» **The task**:
Give again, word for word, the lines below that run from the line with "Vintage Truck with Flowers" through the line with "Cute Grappig green". Drop the pictures.

» **Extracted entries**:

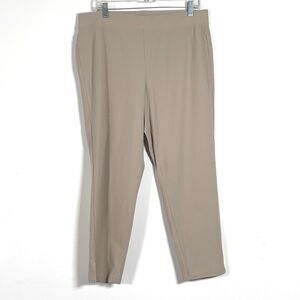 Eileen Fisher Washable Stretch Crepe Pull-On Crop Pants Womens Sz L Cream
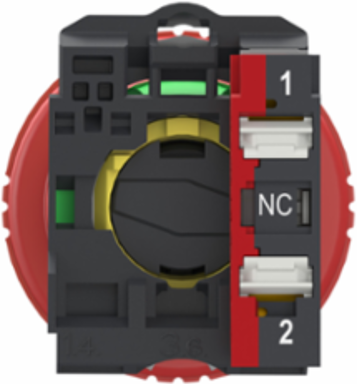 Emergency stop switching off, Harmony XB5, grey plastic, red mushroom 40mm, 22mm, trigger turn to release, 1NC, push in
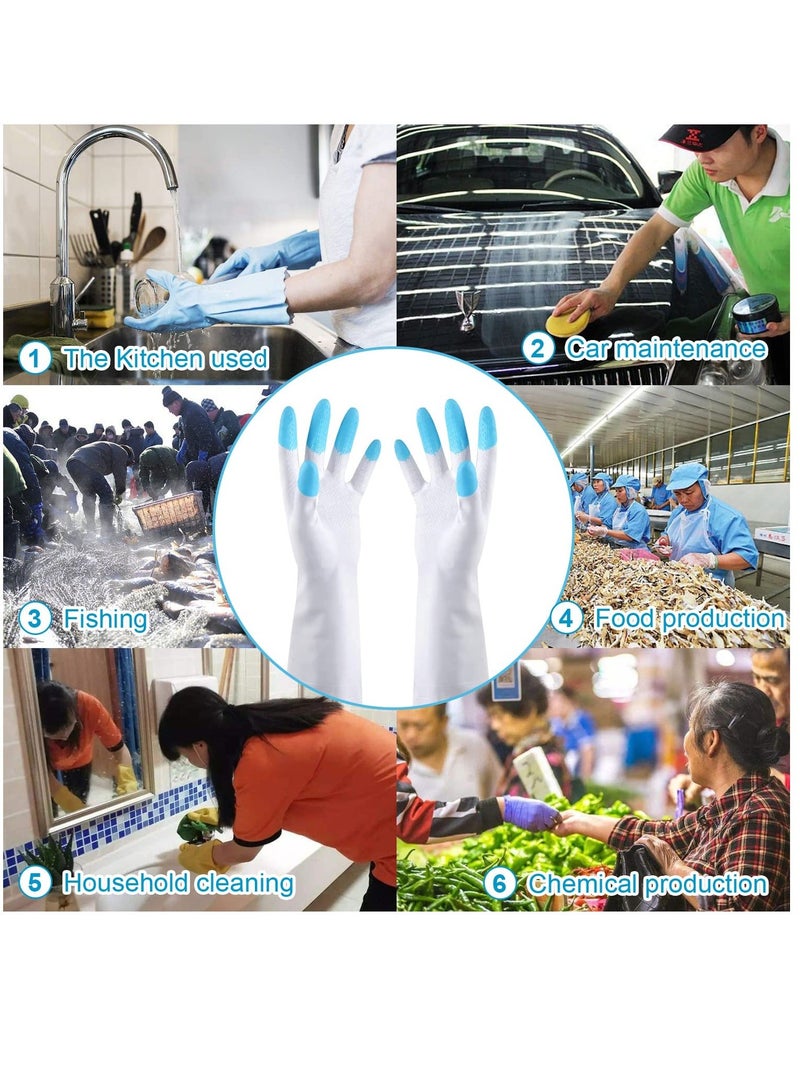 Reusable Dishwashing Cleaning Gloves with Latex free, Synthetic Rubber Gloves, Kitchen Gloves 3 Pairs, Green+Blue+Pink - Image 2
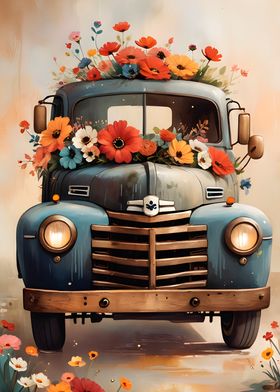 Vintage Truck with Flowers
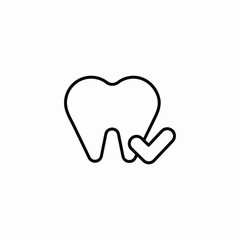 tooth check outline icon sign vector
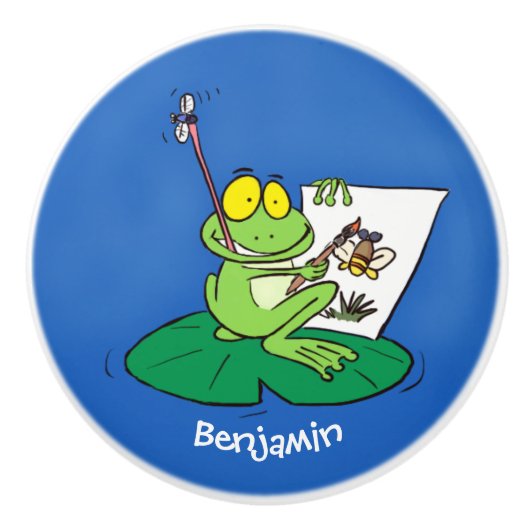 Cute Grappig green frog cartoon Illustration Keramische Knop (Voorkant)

...

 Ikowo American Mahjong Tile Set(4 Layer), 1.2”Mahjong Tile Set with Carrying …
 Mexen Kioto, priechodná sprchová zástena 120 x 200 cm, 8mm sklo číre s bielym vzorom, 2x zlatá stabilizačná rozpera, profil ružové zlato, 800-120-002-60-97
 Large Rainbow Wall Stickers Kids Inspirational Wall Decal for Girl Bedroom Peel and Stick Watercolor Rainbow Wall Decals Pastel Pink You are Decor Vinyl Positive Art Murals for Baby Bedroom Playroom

» **Answer space**:
 Vintage Truck with Flowers
 tooth check outline icon sign vector
 Cute Grappig green frog cartoon Illustration Keramische Knop (Voorkant)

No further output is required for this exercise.